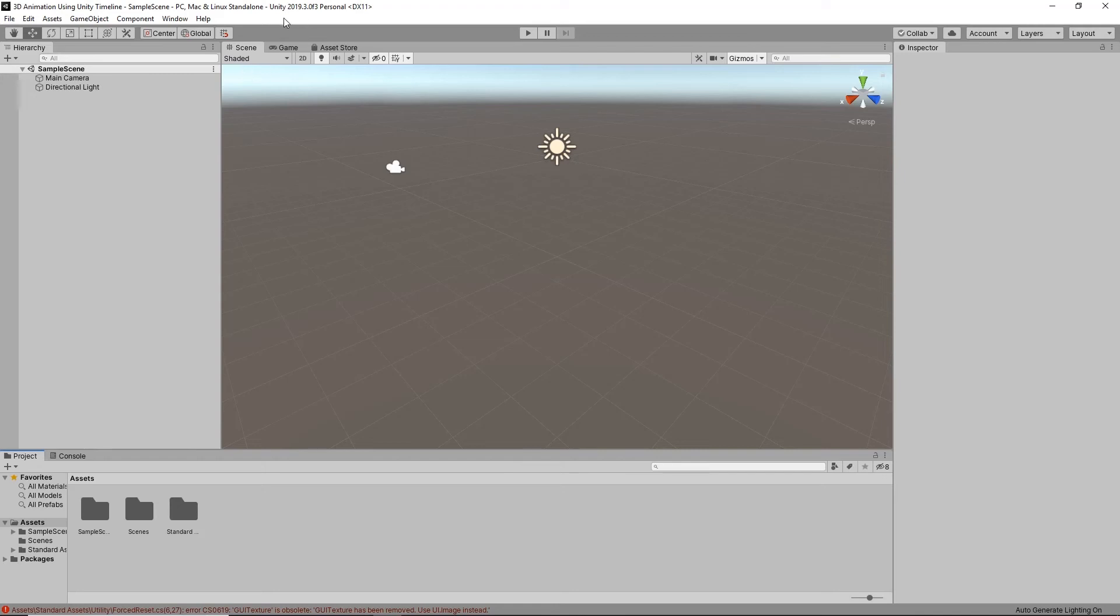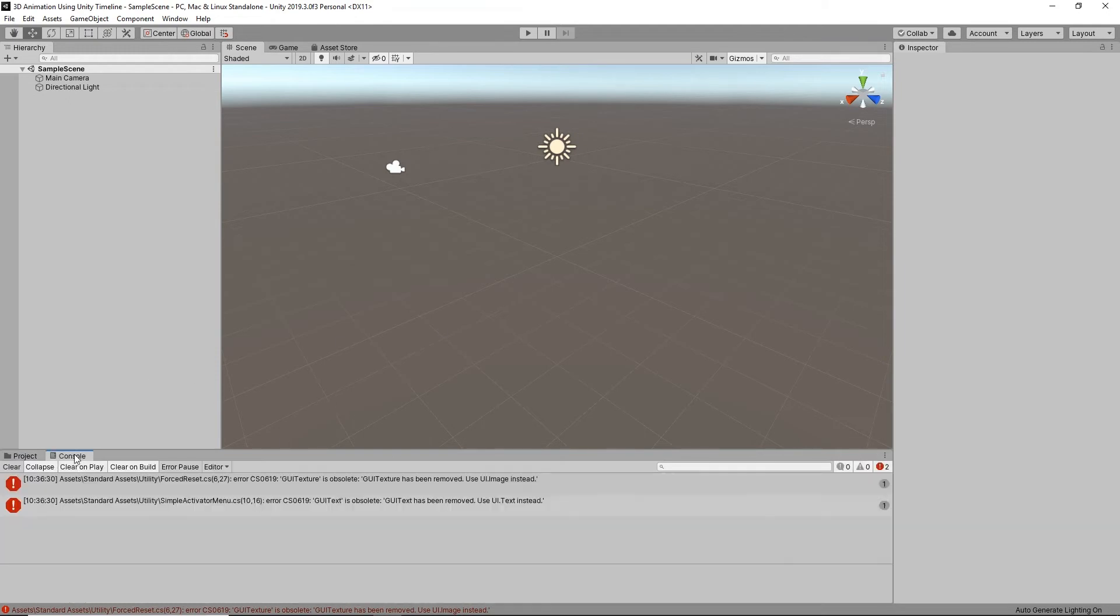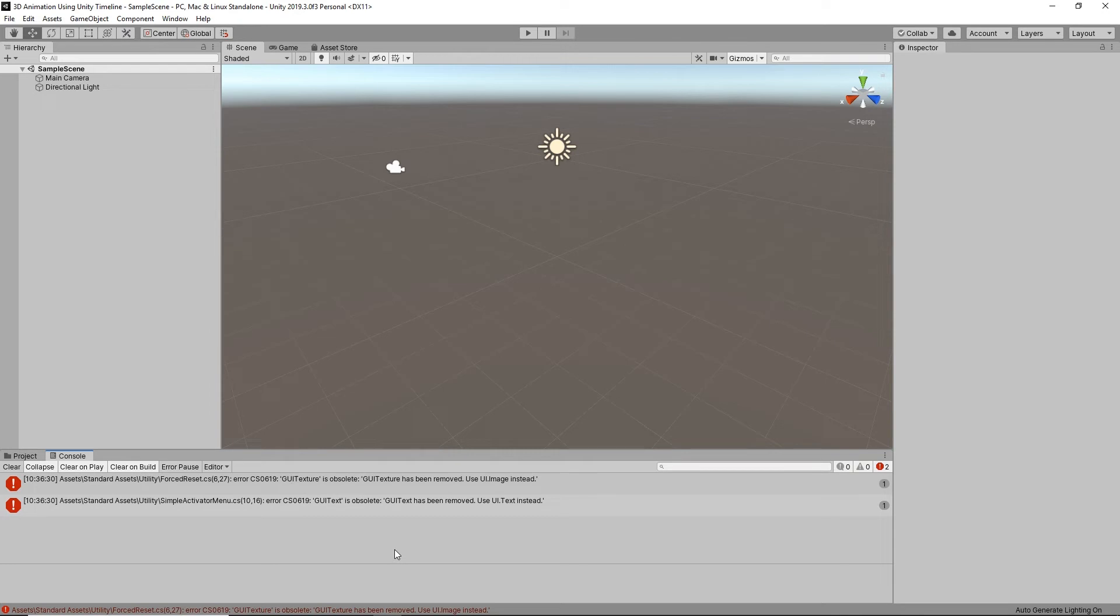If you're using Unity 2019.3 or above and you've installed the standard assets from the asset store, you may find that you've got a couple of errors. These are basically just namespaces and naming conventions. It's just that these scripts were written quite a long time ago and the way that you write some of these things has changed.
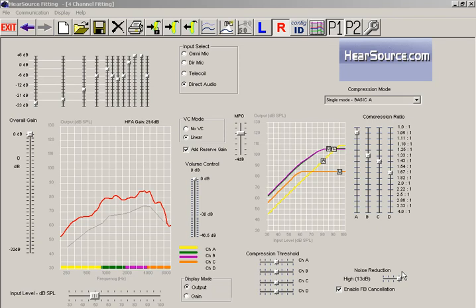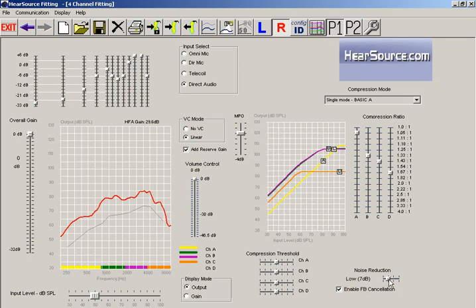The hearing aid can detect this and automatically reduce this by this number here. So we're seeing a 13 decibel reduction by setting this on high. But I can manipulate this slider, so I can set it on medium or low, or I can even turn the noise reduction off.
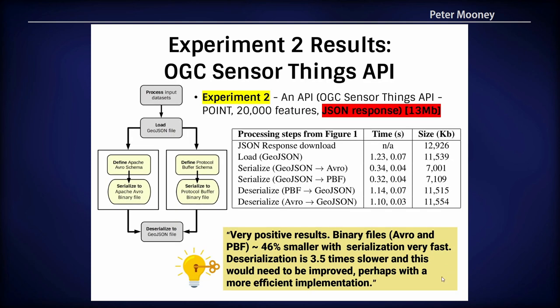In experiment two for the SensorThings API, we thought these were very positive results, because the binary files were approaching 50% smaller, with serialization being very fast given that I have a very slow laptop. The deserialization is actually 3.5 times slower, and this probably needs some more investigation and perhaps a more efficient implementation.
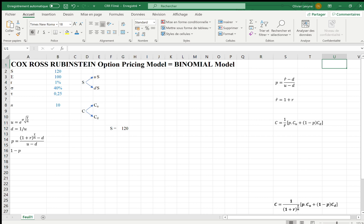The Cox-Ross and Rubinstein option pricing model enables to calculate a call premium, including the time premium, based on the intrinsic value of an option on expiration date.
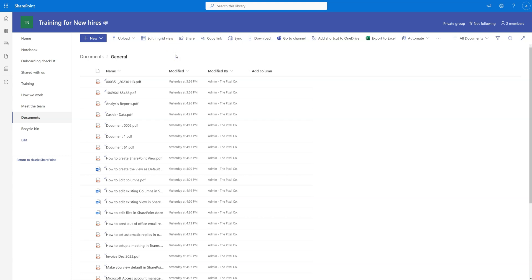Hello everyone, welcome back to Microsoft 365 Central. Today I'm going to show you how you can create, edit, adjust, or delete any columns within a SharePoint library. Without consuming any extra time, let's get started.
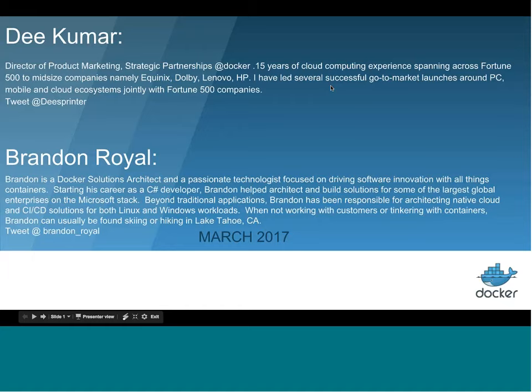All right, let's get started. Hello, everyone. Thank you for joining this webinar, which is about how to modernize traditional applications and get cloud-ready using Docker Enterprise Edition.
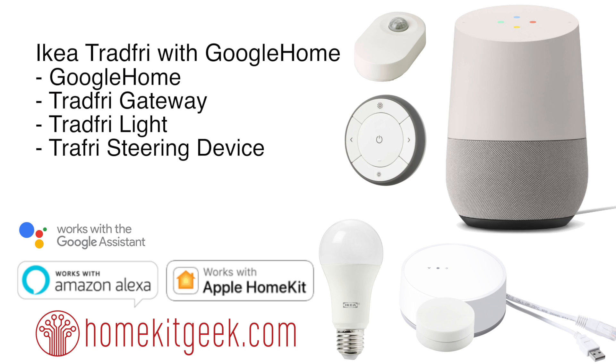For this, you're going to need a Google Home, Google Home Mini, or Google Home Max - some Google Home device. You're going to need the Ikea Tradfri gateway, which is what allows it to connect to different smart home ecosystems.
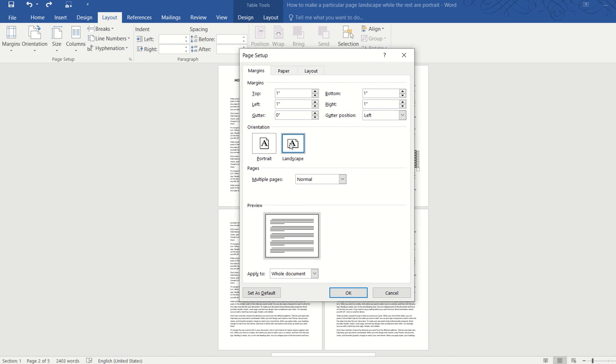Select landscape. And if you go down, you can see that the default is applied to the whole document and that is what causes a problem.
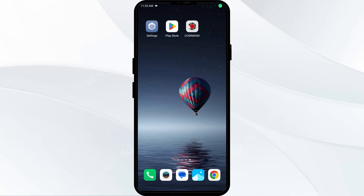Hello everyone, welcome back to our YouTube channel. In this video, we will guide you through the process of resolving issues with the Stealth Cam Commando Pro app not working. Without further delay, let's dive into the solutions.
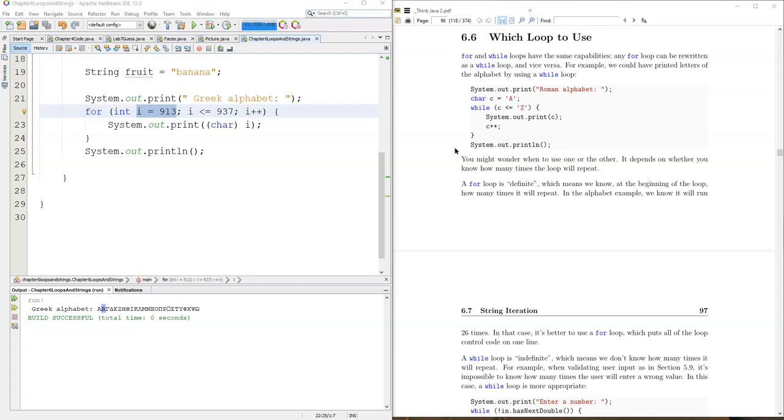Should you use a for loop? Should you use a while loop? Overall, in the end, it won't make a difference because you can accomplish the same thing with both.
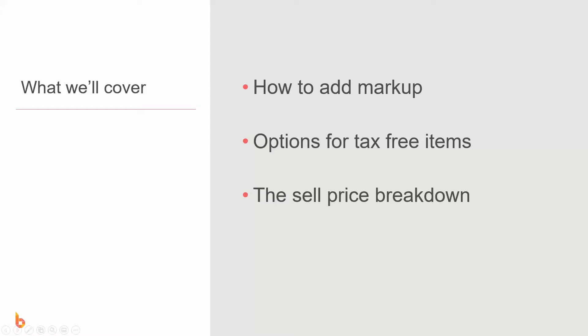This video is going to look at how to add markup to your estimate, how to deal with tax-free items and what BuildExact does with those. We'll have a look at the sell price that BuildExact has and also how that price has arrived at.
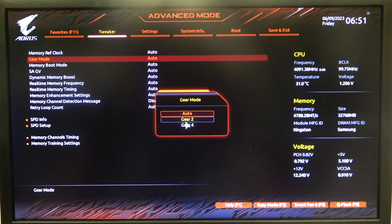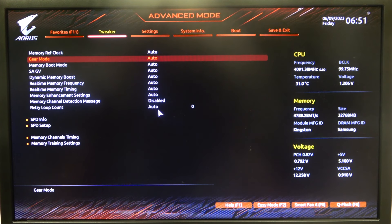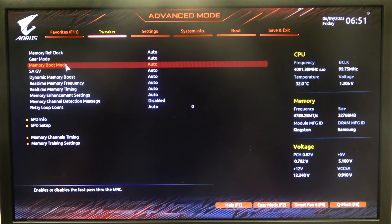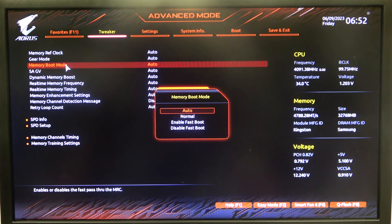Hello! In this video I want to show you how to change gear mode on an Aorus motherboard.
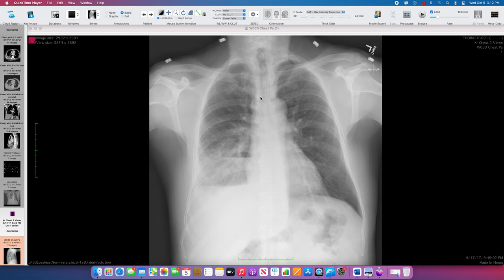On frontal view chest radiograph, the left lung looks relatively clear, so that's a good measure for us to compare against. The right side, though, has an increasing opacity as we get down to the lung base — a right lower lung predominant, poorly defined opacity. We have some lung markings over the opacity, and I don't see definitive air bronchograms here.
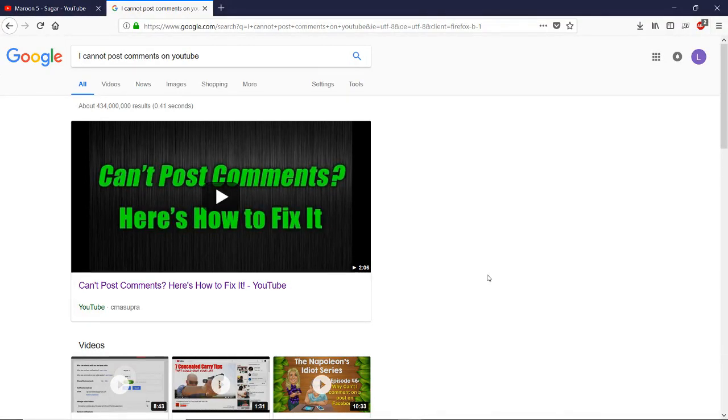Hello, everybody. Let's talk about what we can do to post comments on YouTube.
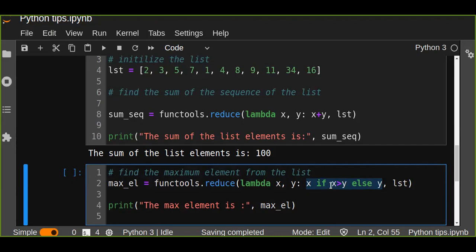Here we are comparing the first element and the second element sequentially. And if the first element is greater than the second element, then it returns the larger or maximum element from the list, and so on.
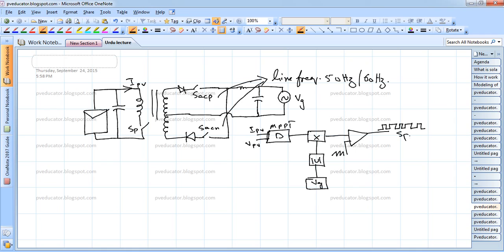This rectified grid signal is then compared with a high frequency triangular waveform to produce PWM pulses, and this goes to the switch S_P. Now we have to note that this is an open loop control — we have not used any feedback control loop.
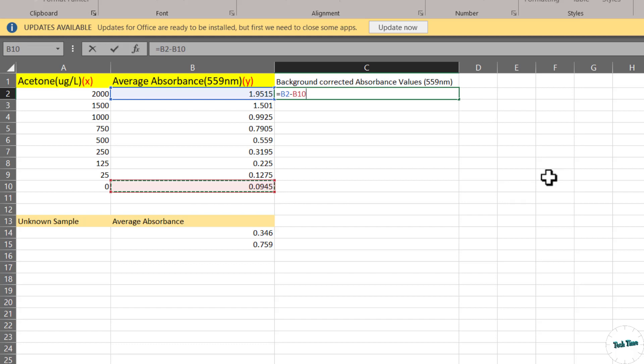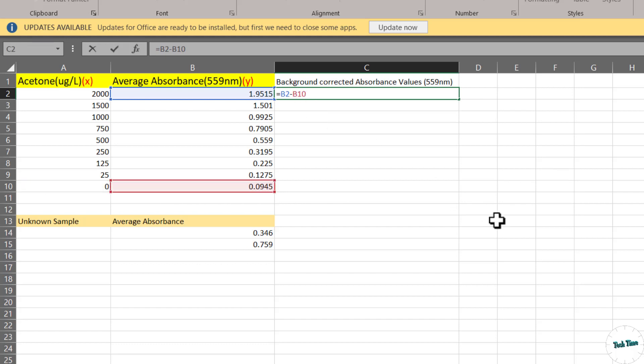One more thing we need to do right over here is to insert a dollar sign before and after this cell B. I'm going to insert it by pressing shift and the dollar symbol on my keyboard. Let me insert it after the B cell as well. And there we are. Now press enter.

☆ ☆ ☆

Problem ▸ Out of the records above, return only the lines from the one with "The hearing aid" through the one with "Select landscape. And", exactly, and none of the pictures.

Task answer ▸
The hearing aid can detect this and automatically reduce this by this number here. So we're seeing a 13 decibel reduction by setting this on high. But I can manipulate this slider, so I can set it on medium or low, or I can even turn the noise reduction off.
In experiment two for the SensorThings API, we thought these were very positive results, because the binary files were approaching 50% smaller, with serialization being very fast given that I have a very slow laptop. The deserialization is actually 3.5 times slower, and this probably needs some more investigation and perhaps a more efficient implementation.
The Cox-Ross and Rubinstein option pricing model enables to calculate a call premium, including the time premium, based on the intrinsic value of an option on expiration date.
Hello everyone, welcome back to Microsoft 365 Central. Today I'm going to show you how you can create, edit, adjust, or delete any columns within a SharePoint library. Without consuming any extra time, let's get started.
All right, let's get started. Hello, everyone. Thank you for joining this webinar, which is about how to modernize traditional applications and get cloud-ready using Docker Enterprise Edition.
For this, you're going to need a Google Home, Google Home Mini, or Google Home Max - some Google Home device. You're going to need the Ikea Tradfri gateway, which is what allows it to connect to different smart home ecosystems.
Select landscape. And if you go down, you can see that the default is applied to the whole document and that is what causes a problem.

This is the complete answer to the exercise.